The 86th Street Development LLC, whose principals are local businessmen Joe Ragusa and Christopher Glancey, are the contract purchasers of the property, records at the city’s construction office show.
Glancey said their decision to buy the property was based on a zoning change approved by Sea Isle City Council in 2008 to allow more residential units above businesses. The change was designed to encourage businesses from becoming entirely residential properties.
“There’s nothing else on that end of the island. That end of the island is in need of new development and new commercial spaces for people to go to,” he said.

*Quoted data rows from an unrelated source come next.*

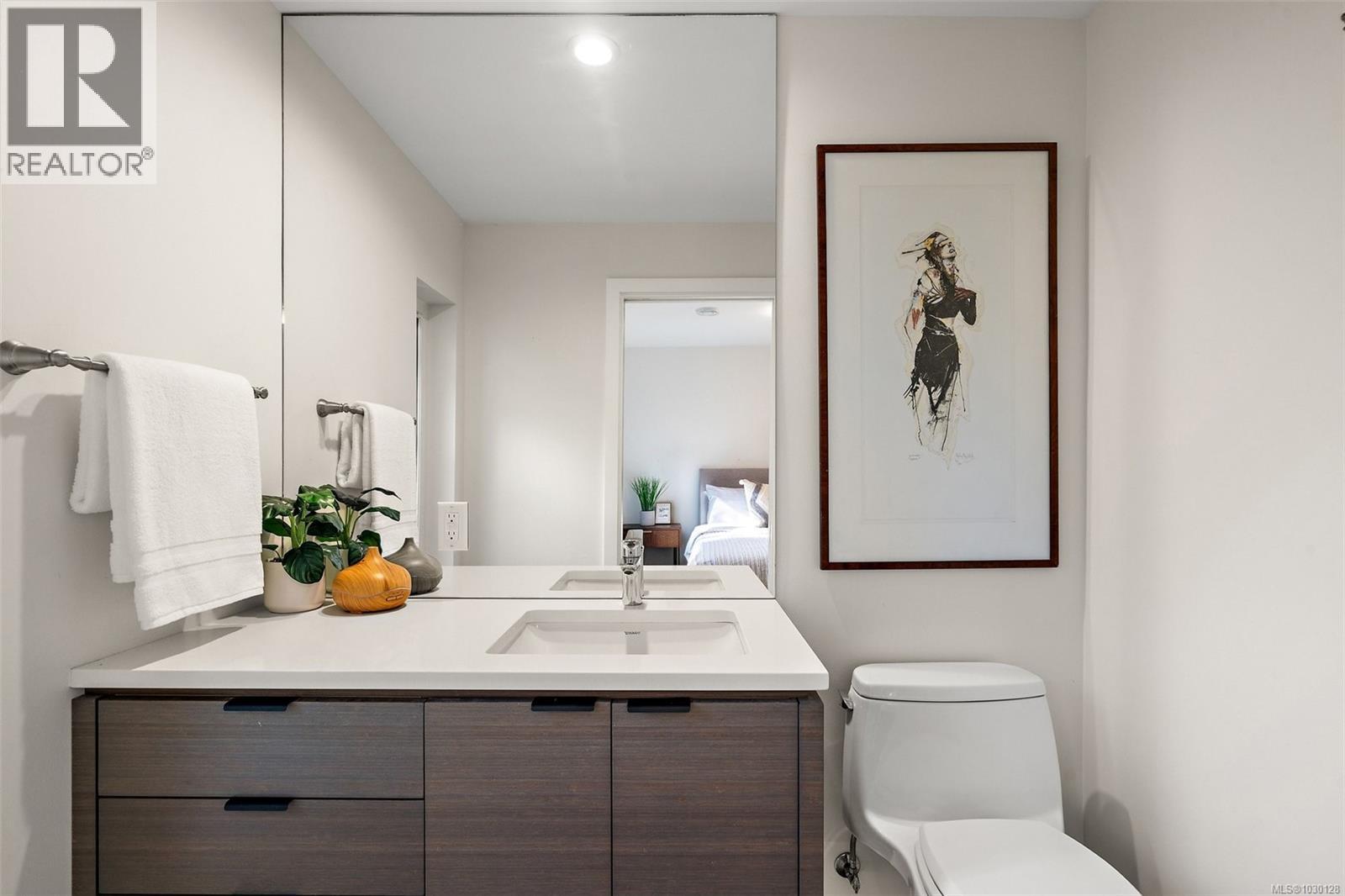 929 Redfern St - 61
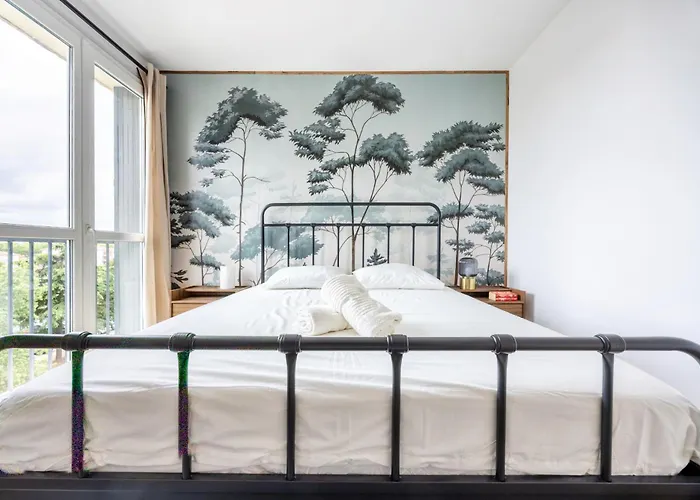 Le Cheval A Bascule - 2 - Balcon *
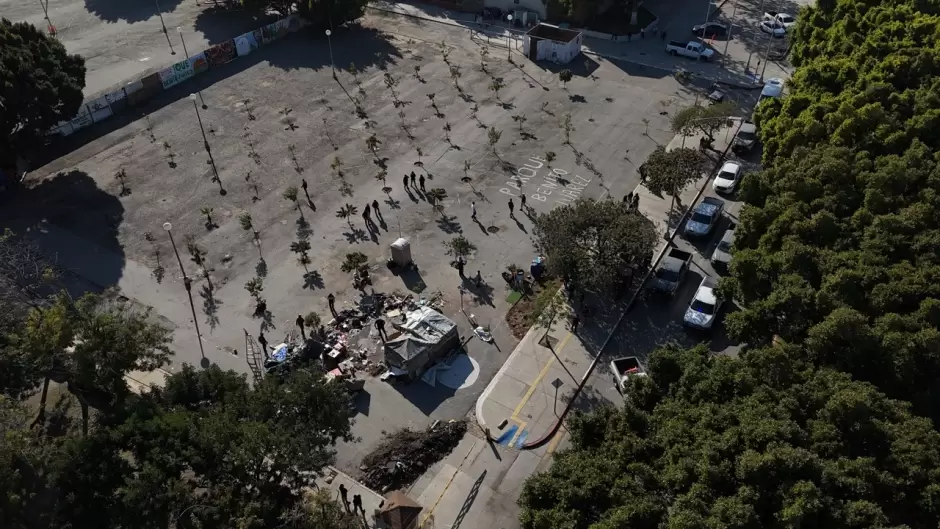 FGE y FESC de BC desalojan parque Benito Ju�rez; hay dos detenidos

The change to city zoning meant about 10 more residences could be built above the commercial units, making the project economically feasible, he said. The company, which plans to start construction in October, has a contract to buy but won’t make settlement until the fall, he said.
At Busch’s Seafood, business was off last year, Schettig said, but the costs of maintaining and running such a large restaurant — coupled with an offer last year to buy — swayed the decision, said Schettig, who did not disclose the price.
Busch’s Seafood is in the southern end of Sea Isle City near Townsends Inlet. It is among a small stretch of businesses in an area a few miles from downtown Sea Isle City.
Busch’s started as a hotel in 1882 at a time when Sea Isle City bore little resemblance to what most shoregoers know today. The hotel even predated the Ludlum Beach Lighthouse, which was constructed three years later at the urging of city founder Charles K. Landis.
Busch’s established the restaurant in 1912. Today, the large white-and-black building is a landmark site for motorists and bicyclists crossing the Townsends Inlet Bridge from Avalon.
The traditional seafood eatery will be the latest of the long-established restaurants to close on the southern New Jersey shore in the face of developments that made such establishments less attractive than residences or other uses. In 2008 in Stone Harbor, Henny’s Restaurant on Third Avenue closed after more than 70 years. A development firm plans an upscale hotel and restaurant.
Schettig has high hopes for the takeout seafood business that will become Busch’s future.
A film company is making a commemorative documentary on the Busch’s Seafood that the restaurant plans to sell in August and play at the takeout seafood business next year.
Al and Kim Schettig’s children — Logan, 17, and Tyler, 13 — may one day inherit the family seafood business, if they so choose, Al Schettig said. Logan has worked as a line cook who taught foreign work exchange students how to use the dishwasher.
“We’re going on, and we’re continuing on in the highest-quality manner,” he said.
The decision to adapt the business has drawn mixed feelings.
“That’s a shame,” said Anna Biegalski, of Avalon, who was riding her bicycle past the restaurant on Tuesday afternoon. “They did the same thing in Avalon, too, tearing down lots of buildings like Donnelly’s Deli.”
“If you’re going out to dinner with the family, (Busch’s) is where you go,” she said. “It very established — almost like a landmark.”
Annie Ryan of Avalon said, “My parents come here a lot, a place to get seafood in Sea Isle.”